以前、心の清らかな人が保育園へ来て、子どものなき声を聞いて「あっ誰か泣いている!どこ?どこ?」と慌ててうろうろされたことがあった。
なき声に慣れていた私たちは反省しきりでした。
ありがとうございます❗
追伸:
その人は少し障害を持っていらっしゃるお方でした。保育士たちと心を洗われた気になりましたよ。
和さんまた会いたいです。?
(ここから私です。)
仕組みによる子育てが広がると社会全体が「子どもの泣き声」に鈍感になる。園長先生はそれを言いたかったのです。人類に必要な感性が薄れ、遠のいていく。「心の清らかな人」の存在が一番輝く時に、その存在に気付かなくなってくる。
保育は仕事であってはならない。

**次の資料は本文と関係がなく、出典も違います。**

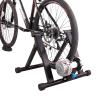 Portable Bike Trainer, Foldable Bicycle Training Stand with Foot Pedal Design, Quick Release & Lock, Adjustable Front Wheel Bracket and Maximum 100kg Load-Bearing Capacity, for Road, Mountain view 1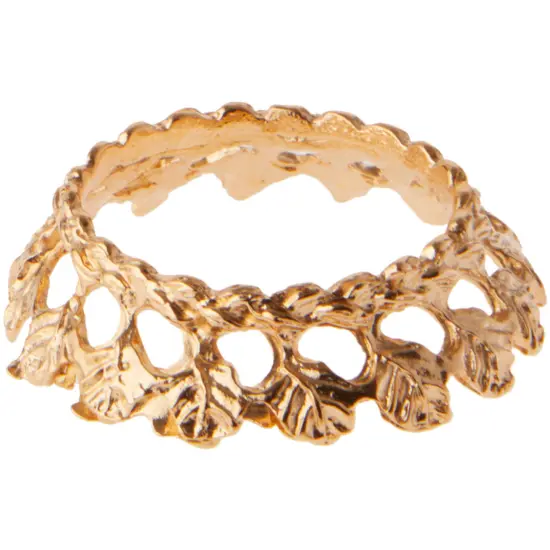 Bard's Gold-toned Egg Stand/Holder, Leaf Motif, 1.125" Diameter {1}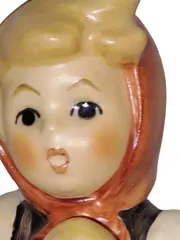 Vorschaubild 2 von Künstlerpuppe Mädchen mit Puppe Nostalgisch Mehrfarbig 8cm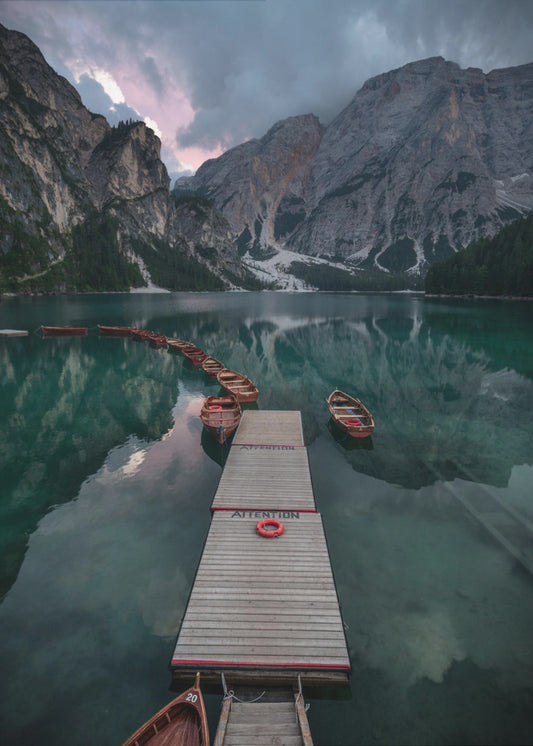 Braies-reflecties | Canvas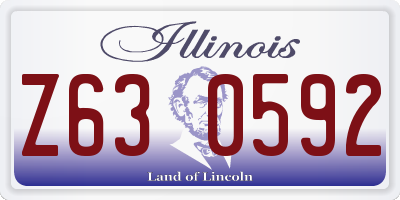 IL license plate Z630592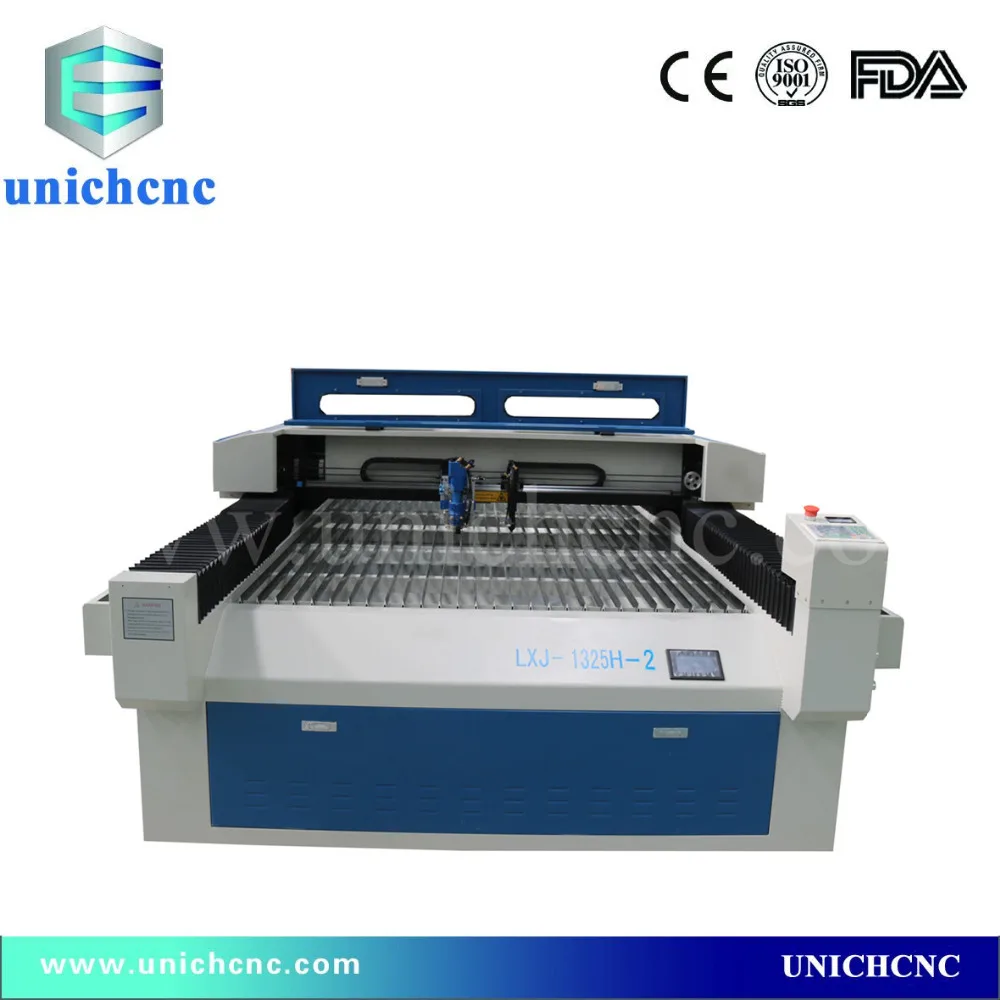 Станок для лазерной резки нержавеющей стали и металла UNICHCNC 1325 с двумя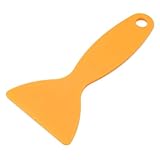 YIXANNX Folienverpackungs Schaber, Fenster Styling Blasenrakel, Schaben, handliches Aufkleben, professionelles Laminierungswerkzeug, Gelb, 13cm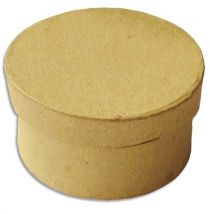 Boîte carton petit modèle ronde diamète 7 cm - Lot de 10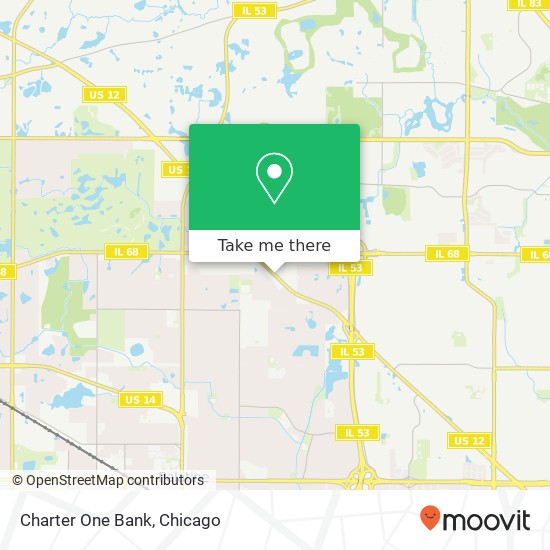 Charter One Bank map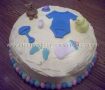it's a boy! baby clothes cake
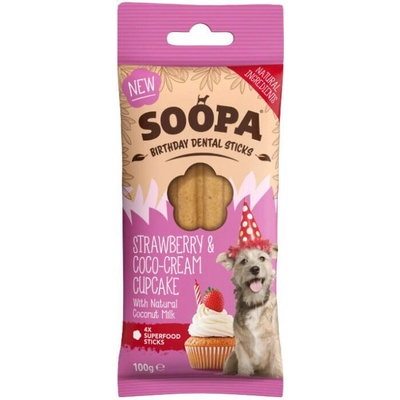 Soopa Cupcake s jahodami a kokosem 100 g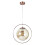 Litecraft Carob Ceiling Pendant Light - Copper 6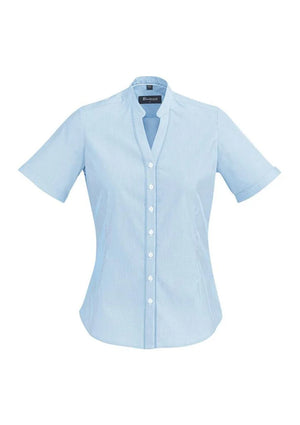 40112 Womens Bordeaux Short Sleeve Shirt Alaskan Blue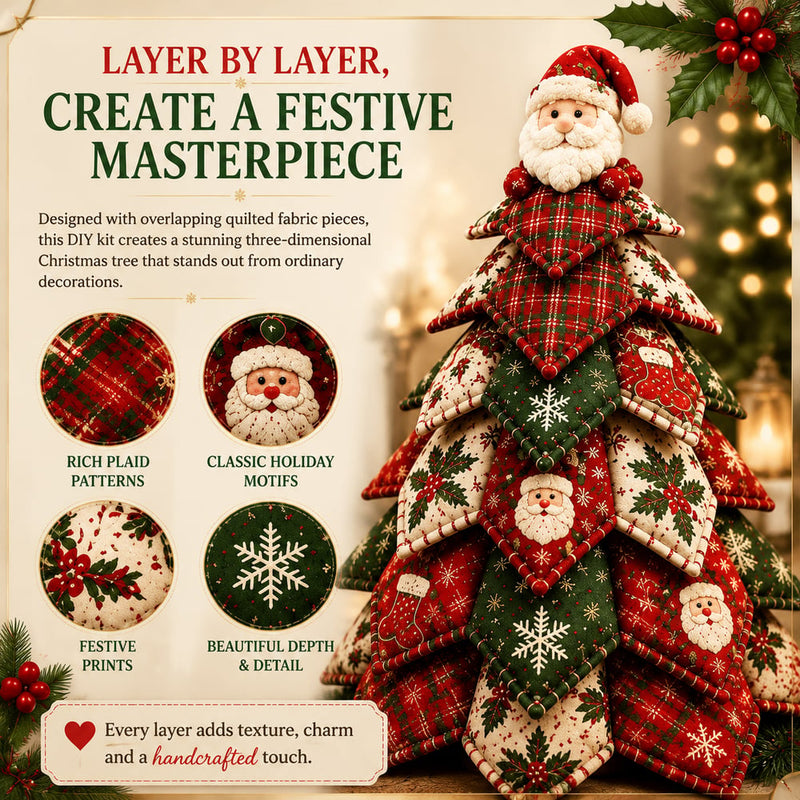 QuiltTree – DIY Fabric Christmas Tree Kit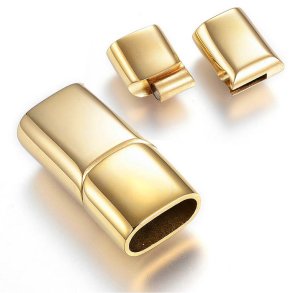 Locking Magnetic Clasps Set of 4 - Gold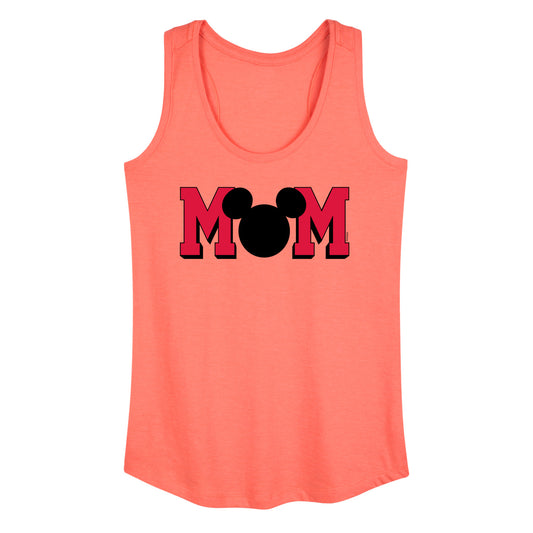 Mickey & Friends - Mom Mouse Silhouette - Women's Racerback Tank Top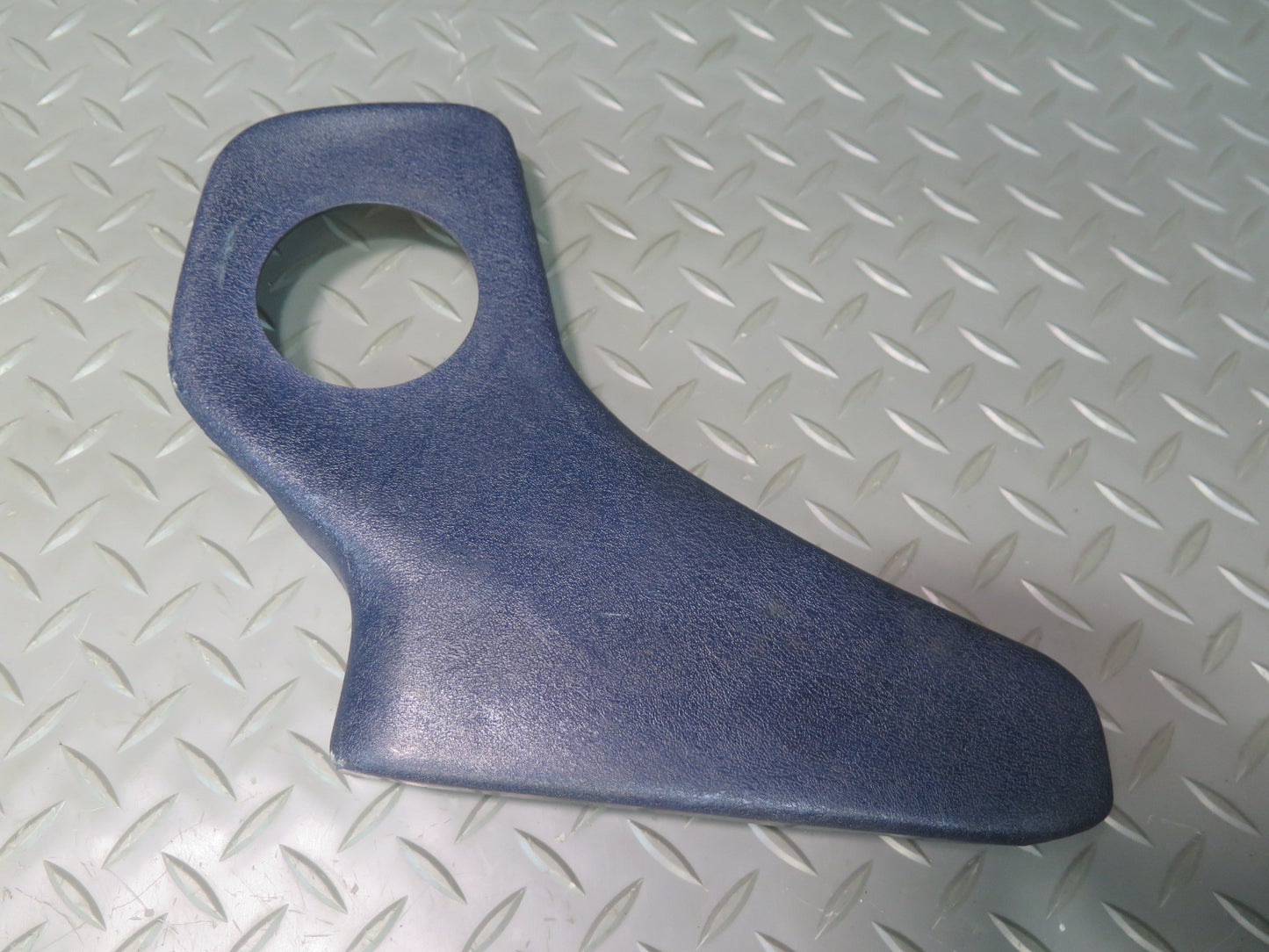 82-85 Mercedes W123 300D Front Right Seat Trim Blue w Adjustment Knob Set OEM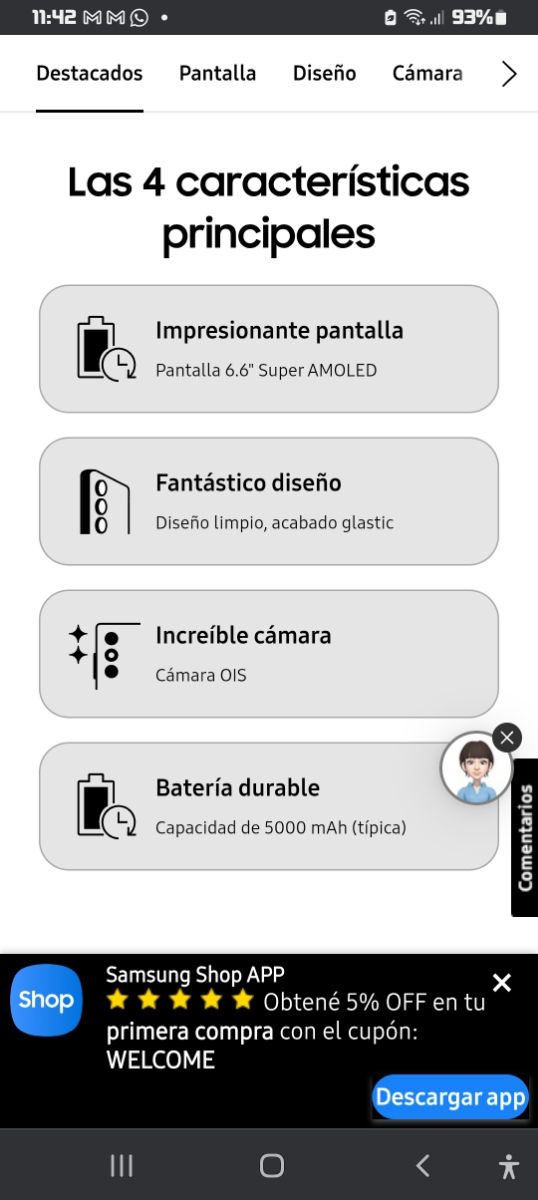 Samsung A34 5G Nuevo a estrenar 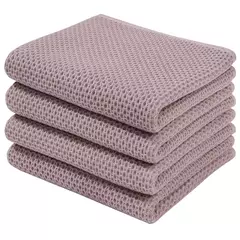 Homaxy-Super Absorvente Algodão Toalhas De Cozinha, Toalha De Microfibra Macia, Secagem Rápida, Lavar Pano De Limpeza, Doméstico, 4Pcs - Wolf Magazine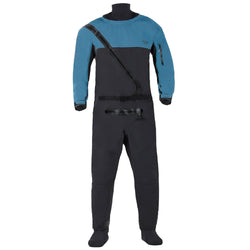 Level Six Cronos Dry Suit Classic Logo Crater Blue front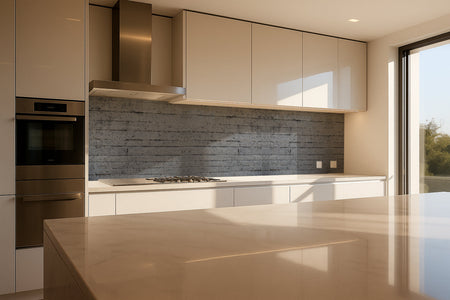 Küchenrückwand Betonoptik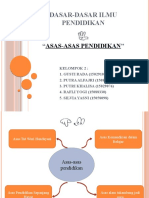 4 Asas Asas Pendidikan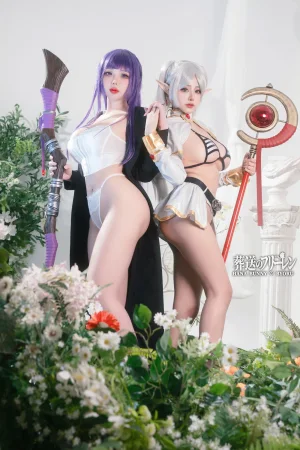 Byoru《Fern and Frieren Sousou no Frieren（& Hana Bunny）》写真图集 24P｜在线预览与图包下载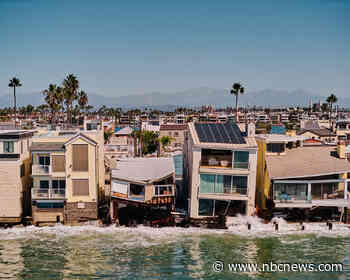 ‘The house was toast’: Surf swallows California homes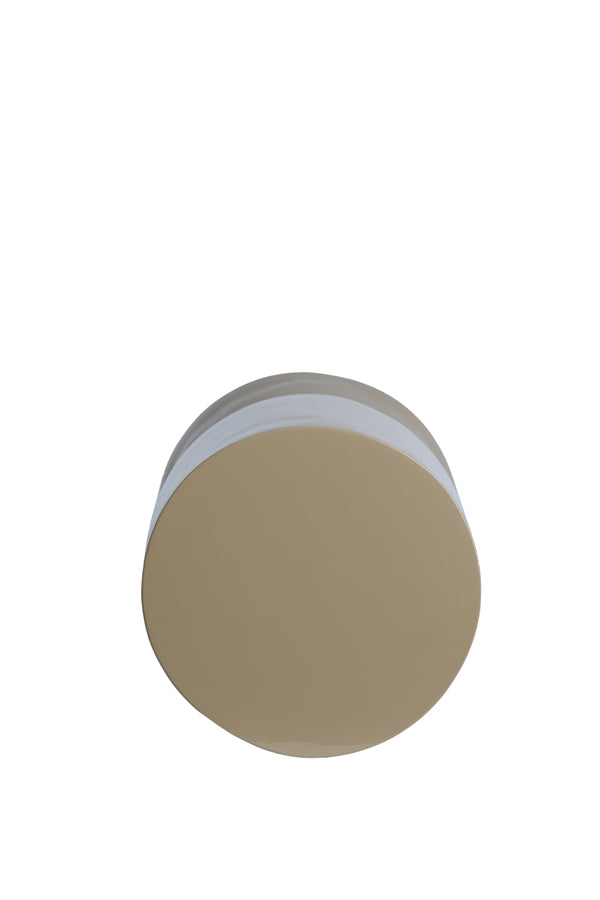 Nysa Gloss Sand Round Side Table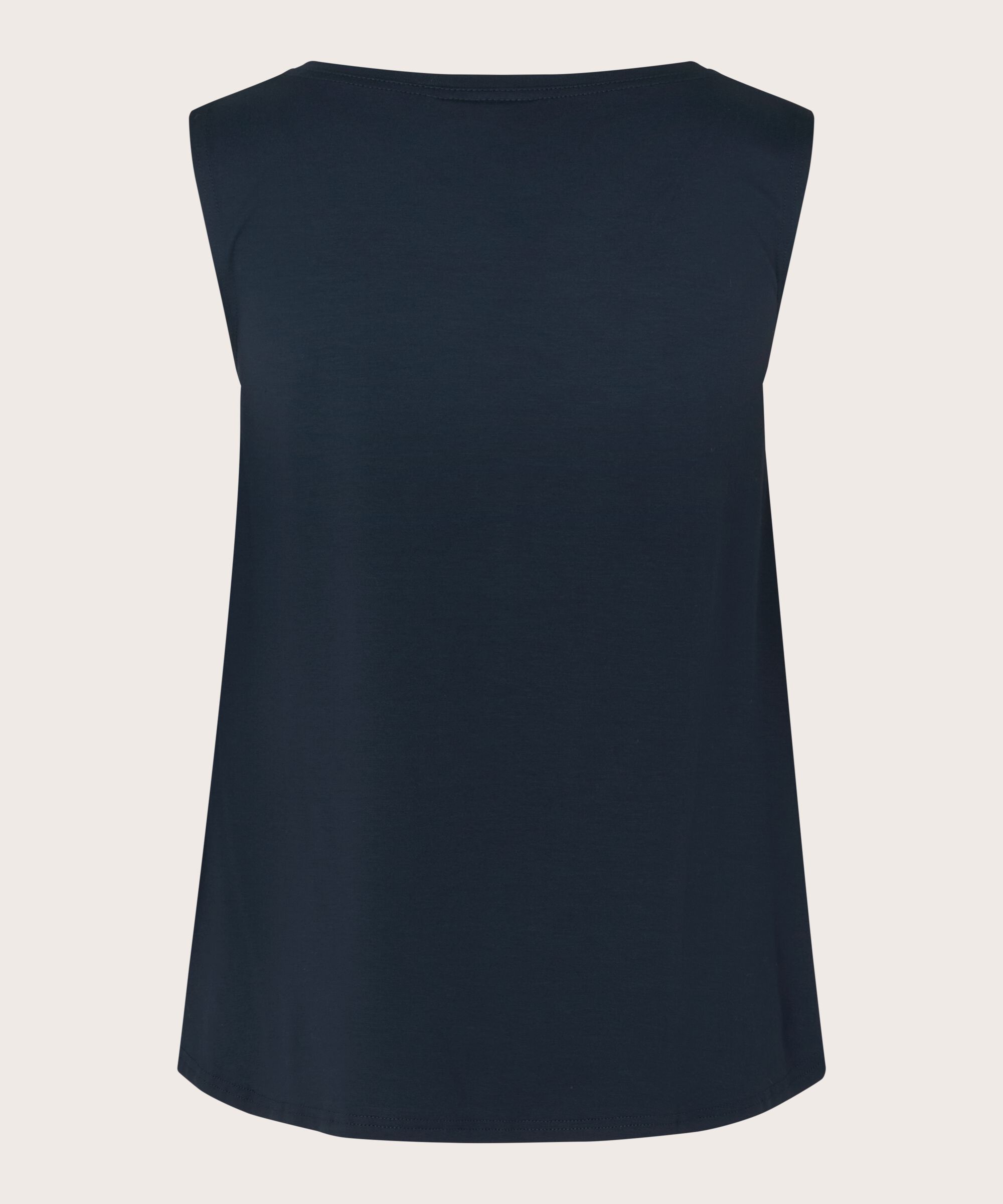 Ärmelloses Jersey-top, Navy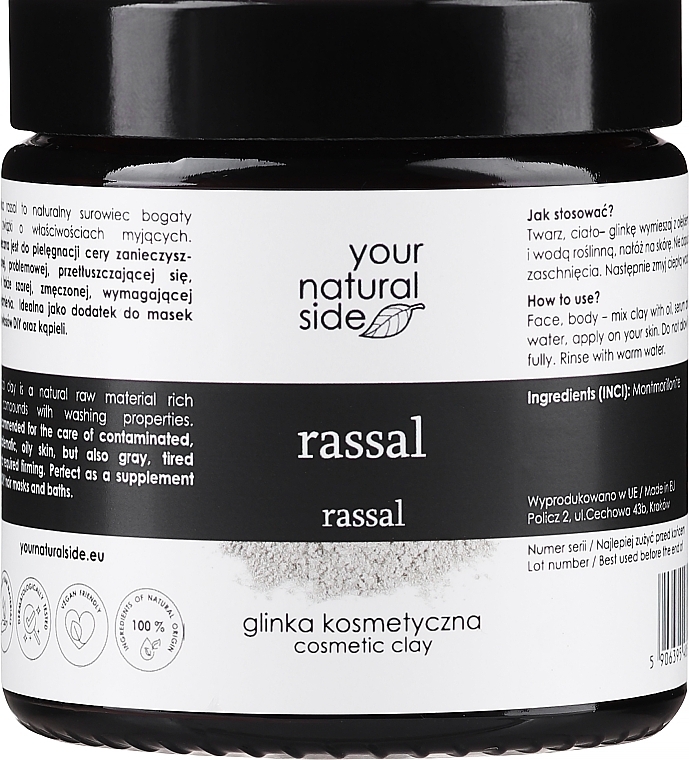 Rassal Clay - Your Natural Side Natural Clays Glinka — photo N2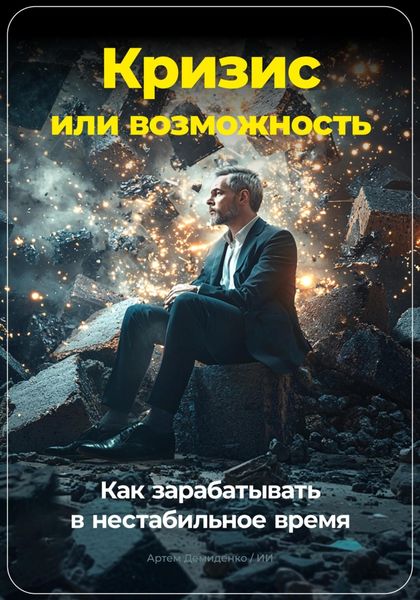 Обложка книги  «Кризис или возможность: Как зарабатывать в нестабильное время»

そんな風に自分を戒め、境界線の上を綱渡りのように歩いていく保育士たちがいます。慣れてはいけない、慣れてはいけない、と呟きながら。園長は知っています。自分だって慣れてしまっていた。それは、その子の「親」ではないからです。
師匠は、いまだに目指している、「本当の保育士」を……。「秩序」はこの園長たちの心の揺れの中にあったのです……。
別の園長が、「一年目の保育士にかなう保育士はいない」と言っていたのを思い出しました。理屈でも正論でもなく、真実が、時には相反するような言葉で、語られていた時代があった。それを伝えていくのは、聞いた者の役割です。親は、常に一年目だった。だからこそ不安で、だからこそ真剣。だからこそ信頼が育っていった。そこで「専門家に任せておけばいいんだ」という心理が動いたら、保育は絶対にそれを受けきれないのです。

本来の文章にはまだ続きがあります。